Eine raffinierte Sache

Darum geht es hier aber nicht. Denn der Grund dafür, dass die Scheiben munter weiter drehen, liegt nicht in der viel zitierten Soundqualität, auch wenn die – auf einer entsprechenden Anlage und mit der richtigen Platte – umwerfend gut sein kann.

Der wahre Grund dafür, dass die LP eine super Sache ist, liegt schlicht darin, dass sie nicht digital, sondern eben eine Sache ist. Eine ausgeklügelte, raffinierte, funktionierende – eine, die den Test der Zeit bestanden hat (gut erhaltene und gereinigte Platten aus den 1950er-Jahren können heute, über 60 Jahre später, noch fantastisch tönen) – und: Eine Platte ist mehr als ein Stück Musik, codiert in unsichtbaren 1-ern und 0-en, frei transferierbar auf anonyme Speichermedien.
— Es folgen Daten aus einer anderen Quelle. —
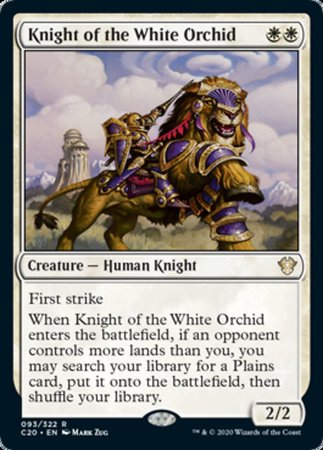 Knight of the White Orchid [Commander 2020]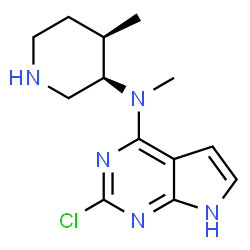 托法替尼杂质 2结构式
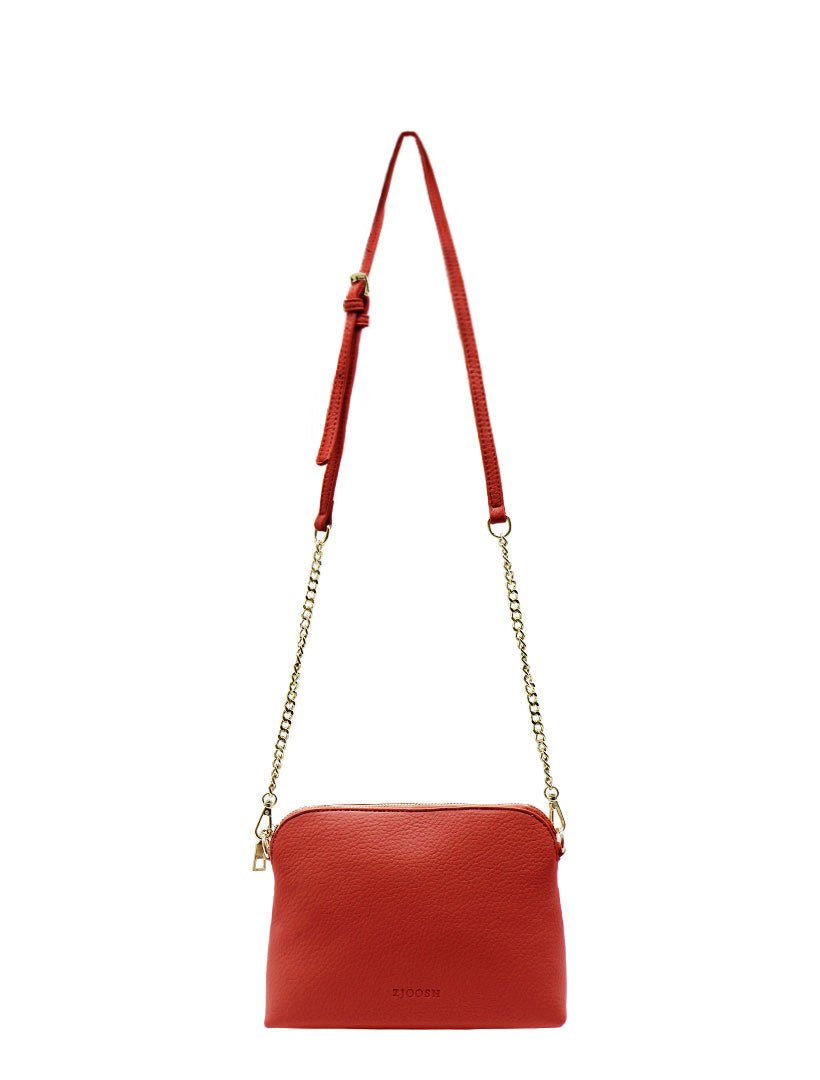 Hudson Cross Body Bag Red - Zjoosh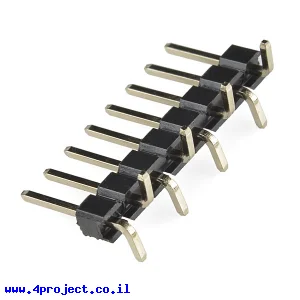 מחבר שורה זכר - 1x8 - להלחמת SMD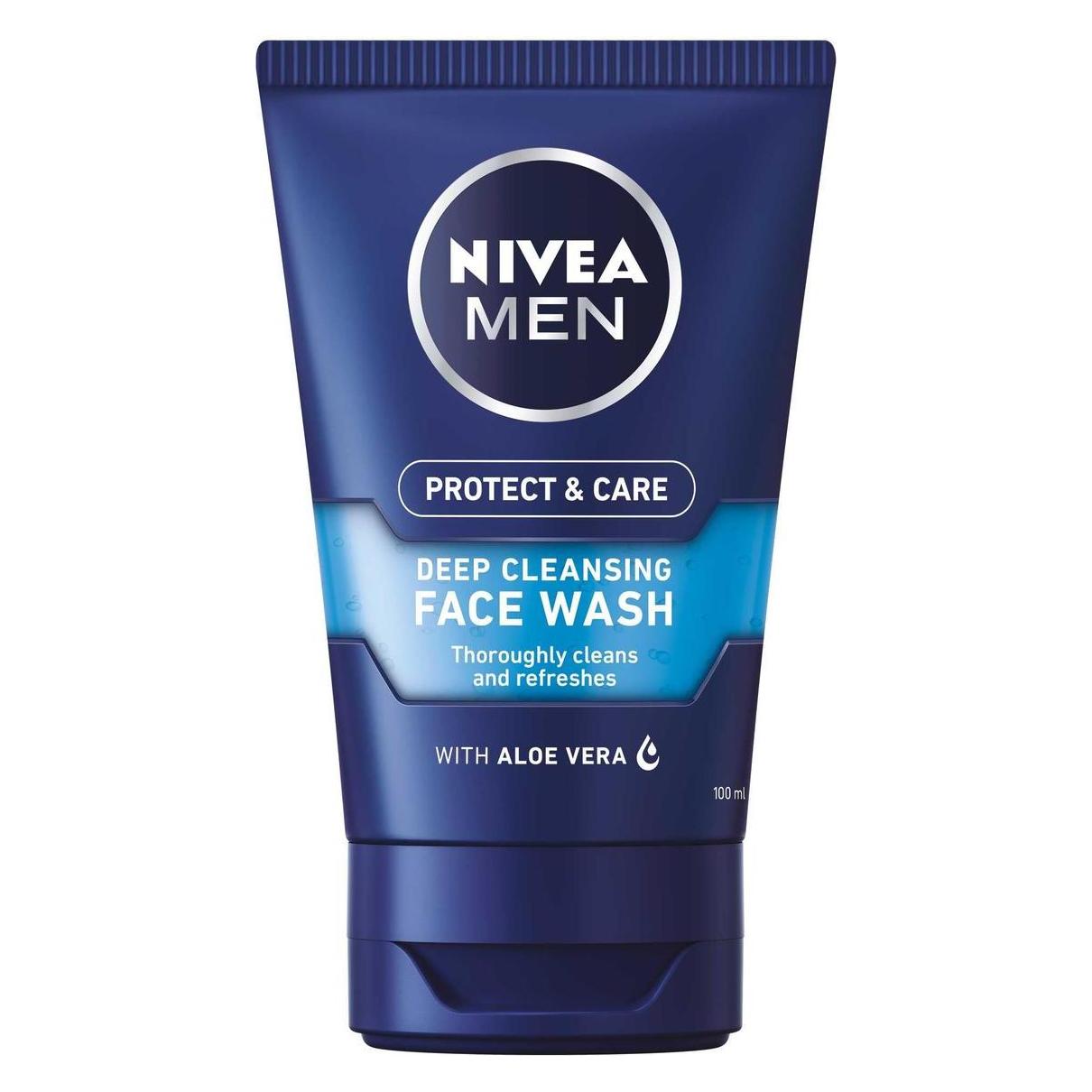 Nivea - Protect & Care Deep Cleaning Face Wash - 100 ml (100 ml) (81387)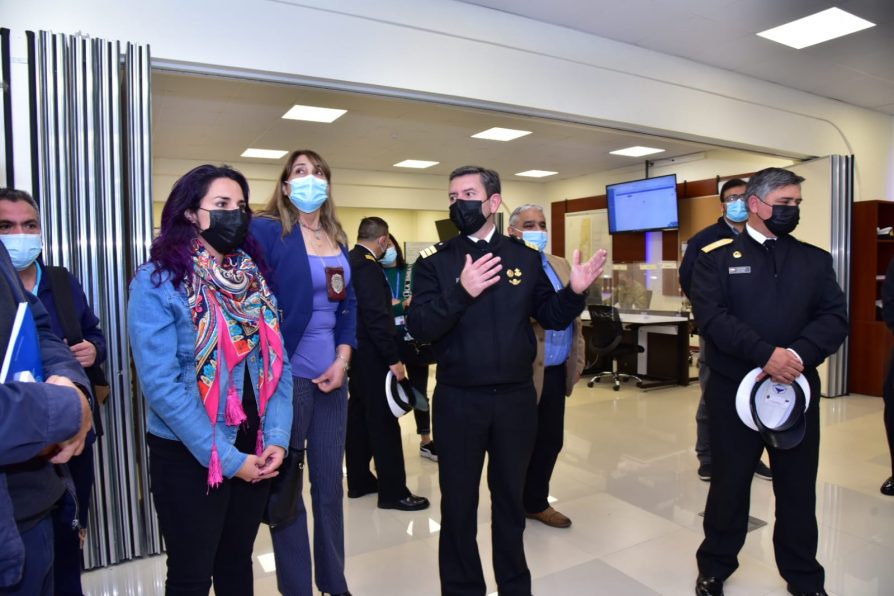 Delegada Sofía González visitó los centros de mando que operan ante emergencias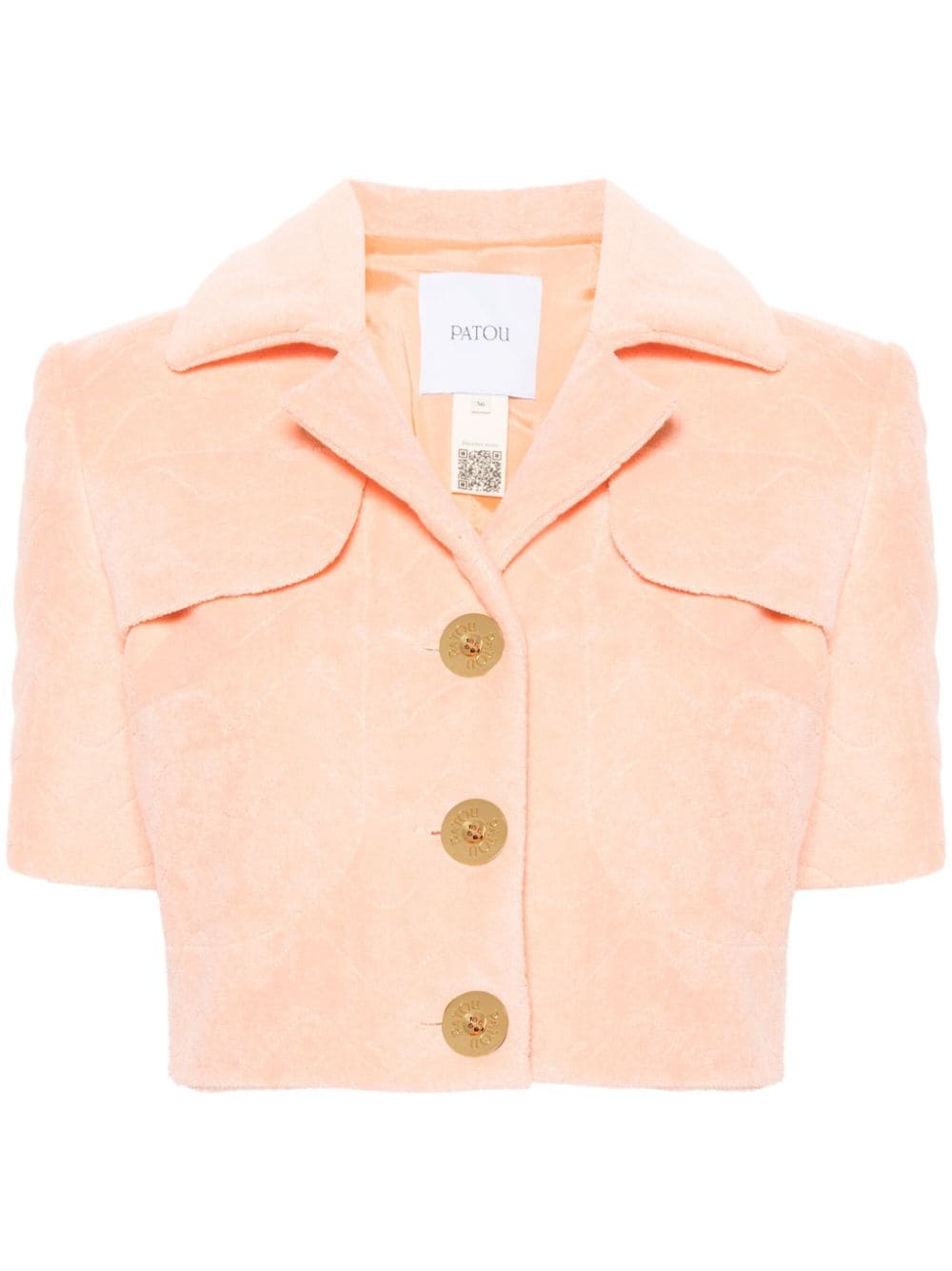 Patou cropped quilted jacket - Orange von Patou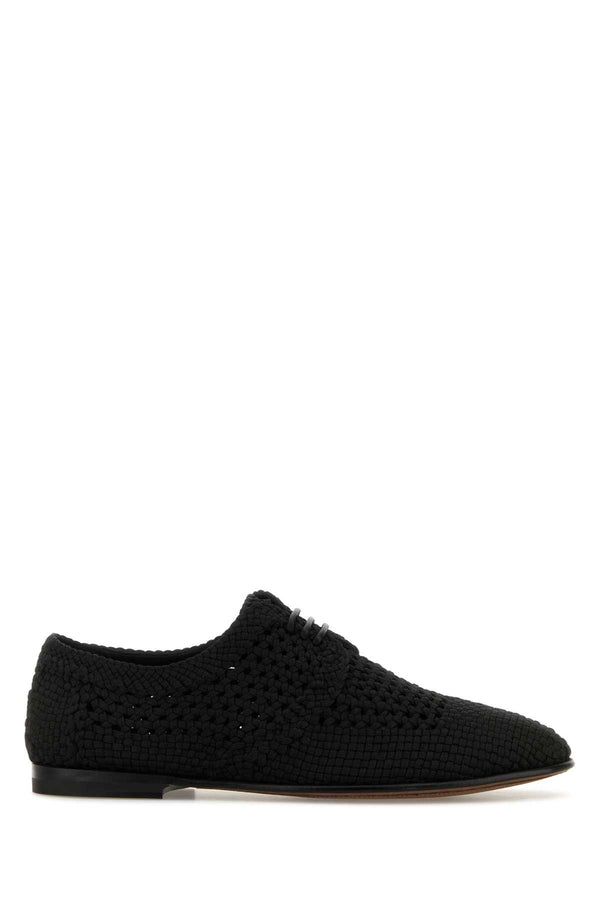 Dolce & Gabbana Exterior: 100% Viscose; Interior: 100% Viscose; Sole: Leather oxford in black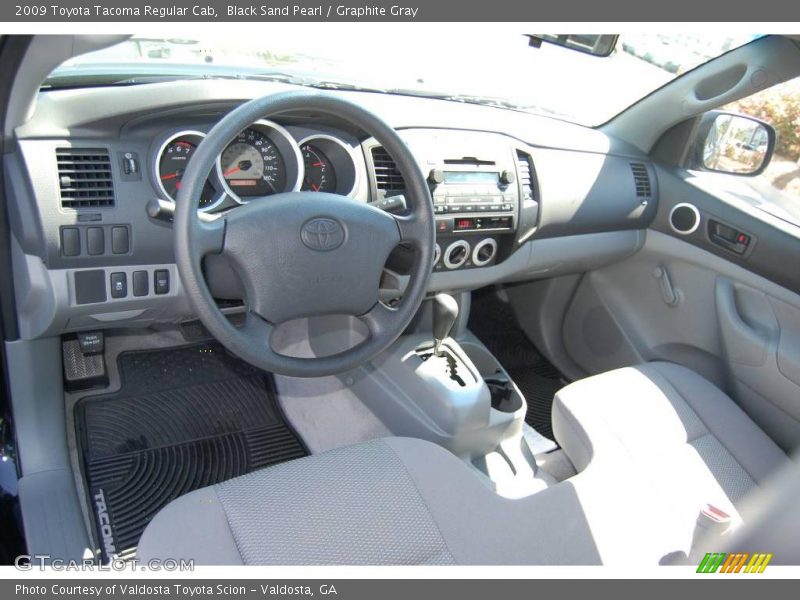 Black Sand Pearl / Graphite Gray 2009 Toyota Tacoma Regular Cab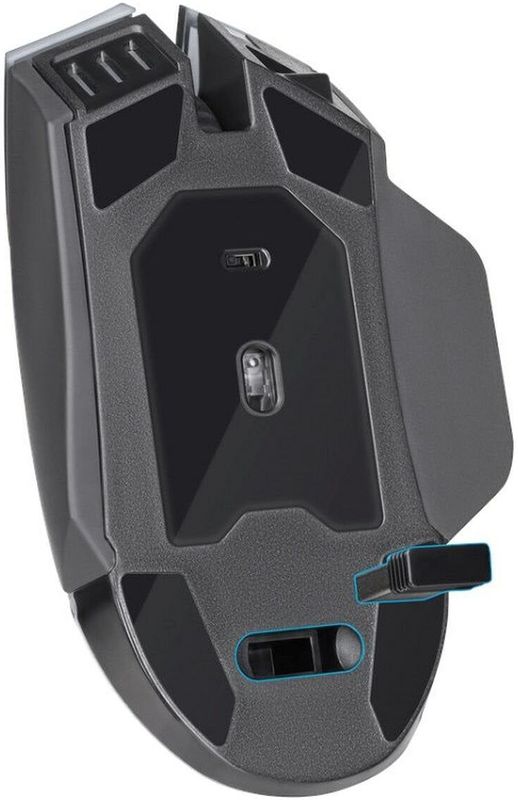 Defender - Gm-067 - Gamingmuis - Zwart - Ambidexter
Über Vorwürfe, die Schallplatte sei unhandlich, unflexibel, unpraktisch und erlaube keinen fortschrittlichen Musikgenuss – schliesslich ist Skippen nicht möglich, das Erstellen von Playlists ebensowenig, und nach rund 20 Minuten muss man die Dinger drehen (wie anstrengend) –, kann der Schallplattenfreund nur lachen. Denn es ist genau diese Materialität, die den anhaltenden Erfolg der runden Sache Vinyl-Schallplatte erklärt – 30 cm Durchmesser, die Karton-Covers 31,5 cm x 31,5 cm im Quadrat. Das Vergnügen besteht ja gerade darin, dass die Vinyl-Schallplatte einen formatbedingt dazu zwingt, beim ersten Song anzufangen und die Sache dann laufen zu lassen, bis die Nadel von aussen im Zentrum am Ende der Rille angekommen ist.

Nadel auf fürs ganze Werk

Das zwingt den Musikfreund – und darum soll es ja letztlich gehen, um die Musik – wieder hinzuhören. Von Anfang bis zum Ende. Nicht nur bei den Lieblingsstellen. Nicht nur bei den besten Songs. Nicht nur bei den berühmtesten Arien und den theatralischsten Ouvertüren, den dramatischsten Solos und den coolsten Breaks. Im Vordergrund stehen plötzlich wieder die ganzen Werke. So, wie Künstler und Bands sie konzipiert haben.

In Zeiten von iTunes, YouTube, Spotify, Soundcloud und den ganzen wunderbaren Services mit ihren Abermillionen von Songs ist es genau ihre Limitation, die die Schallplatte so super macht. Plötzlich ist da wieder Musik im Kopf, die man mit dem Player längst geskippt und damit verpasst hätte. Im besten Fall, weil man beim wiederholten Hören gemerkt hat: Das hat was.